Academic research, Sept. 2023 – May 2024
Developed as an ongoing joint project between Lamont-Doherty Earth Observatory and the Columbia Computer Graphics and User Interfaces Lab to develop a tool to help glaciologists visualize and study ice layers in virtual reality. The project is called VISER (Visualizing Ice Sheets in Extended Reality).
My contribution to VISER was the implementation of radar horizon tracing, a critical element of the program which allows the user to select ice layers and see them traced in real time in the application. I used a combination of computer vision and computer graphics techniques to automatically trace a line delineating two ice layers from a single seed point provided by the user. Before I implemented this feature, automated 3D ice layer picking did not exist, and glaciologists had to manually pick layers in 2D only with programs such as MATLAB.
I also rewrote the entire file importing pipeline to allow dynamic loading of assets at runtime. Before my modifications, the application would not compile and run as a stand-alone app due to the usage of Filmbox files (.fbx) to store the radargram meshes and textures. These radargram files are extremely large and detailed, and this level of detail is necessary to do scientific work. Due to the limitations of compute power of VR headsets (especially the Meta Quest 2 and 3 that we were using), loading all these giant files at initialization proved more than the devices could handle, meaning that they needed to be loaded on demand, in small batches. However, Unity does not support runtime loading of FBX files, which meant that our application could not run standalone without a computer running Unity and a data cord.
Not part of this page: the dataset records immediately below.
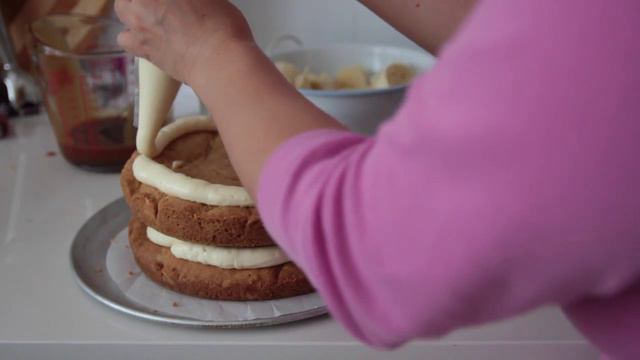 Giant Cookie Cake смотреть онлайн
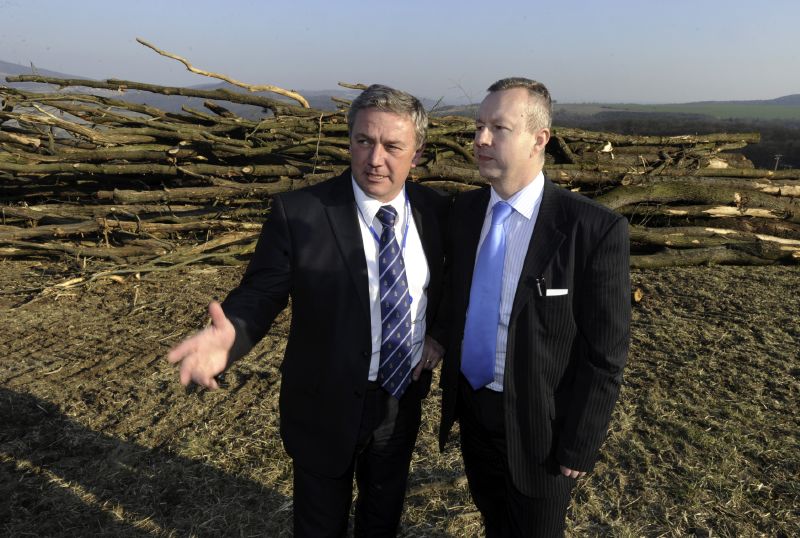 Exministr dopravy Antonín Prachař (vlevo) a ministr životního prostředí Richard Brabec.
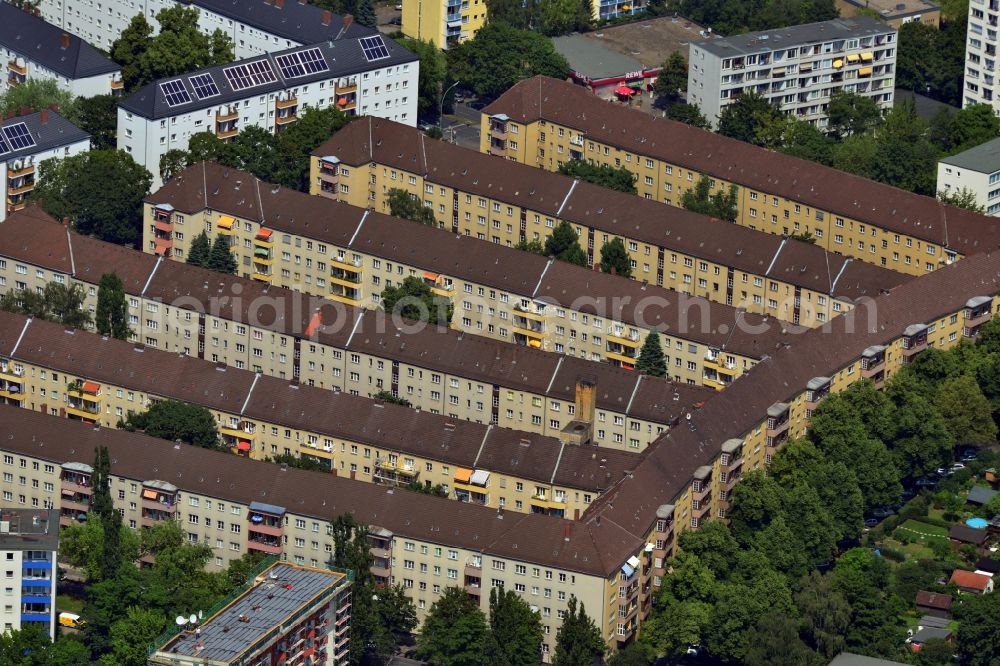 Berlin OT Tempelhof from above - View of housing complexes in Berlin - Tempelhof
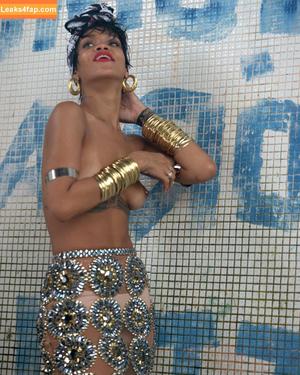 Rihanna photo #1043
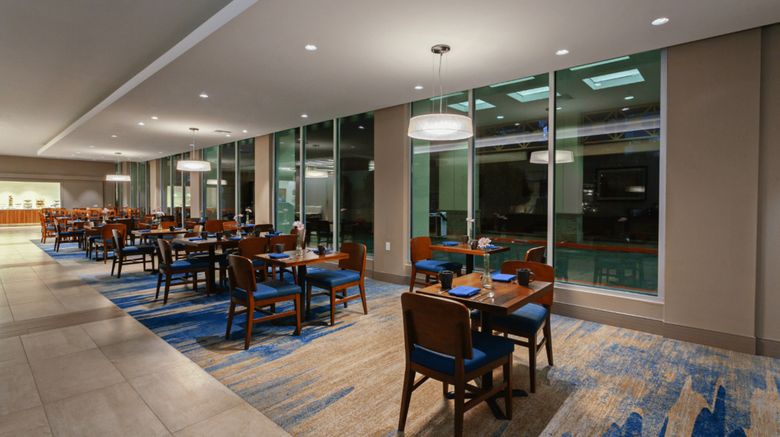 <b>Holiday Inn Los Angeles-LAX Airport Restaurant</b>. Images powered by <a href="https://www.leonardoworldwide.com/" title="Leonardo Worldwide" target="_blank">Leonardo</a>.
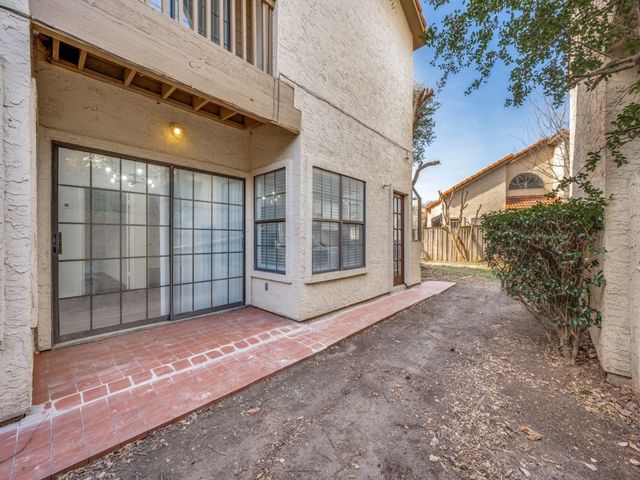 8901 Casa Drive, Irving, TX 75063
This made distribution and testing of the application extremely difficult if not impossible.
My contribution and solution to this problem was to change to using GLTF files instead of FBX. I rewrote the entire import pipeline in C# to handle the extraction of meshes and textures at runtime,
Made in Unity with custom C# scripts.
Works with Meta Quest 2 and Meta Quest 3 headsets.
Read more about VISER here.
See the Github repo here.
Watch demo on YouTube here.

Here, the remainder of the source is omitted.